------ Material shown ------
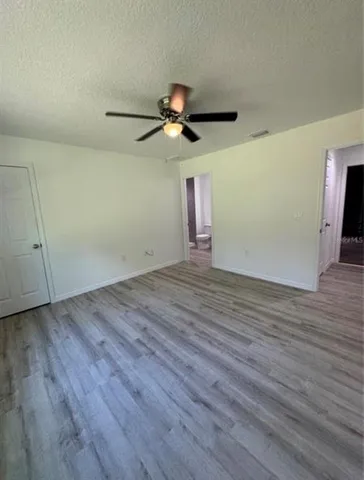 a view of a room with wooden floor ceiling fan and window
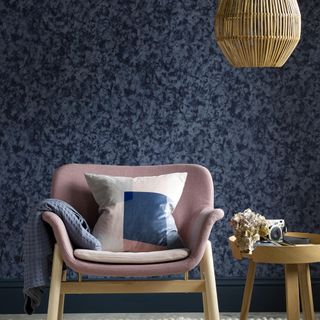 living room with blue wall and chair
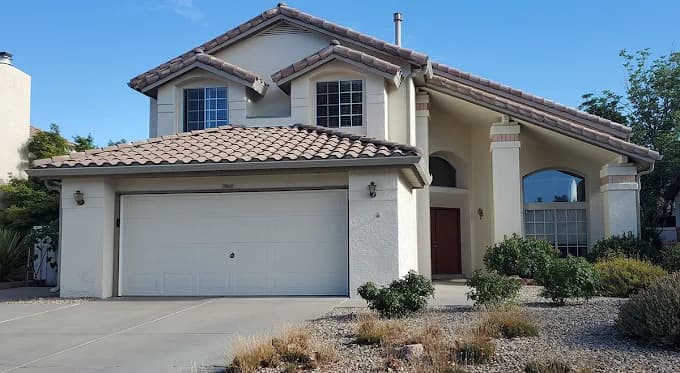 This is an image from CertaPro Painters of Albuquerque, located in New Mexico. The photo shows a freshly painted two-story stucco home with a light beige exterior, brown tiled roof, and clean white trim.
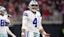 Dallas Cowboys quarterback Dak Prescott (4) reacts to a penalty.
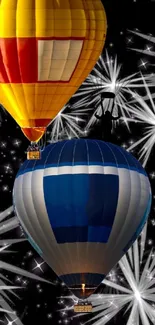 Hot air balloons with fireworks in the night sky wallpaper.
------
_Goal of the exercise:_ Nothing but the lines from the one holding "Dallas Cowboys quarterback" through the last line of the entries should be written out, exactly and inclusively, minus the pictures.

_Answer box:_
 Dallas Cowboys quarterback Dak Prescott (4) reacts to a penalty.
 Hot air balloons with fireworks in the night sky wallpaper.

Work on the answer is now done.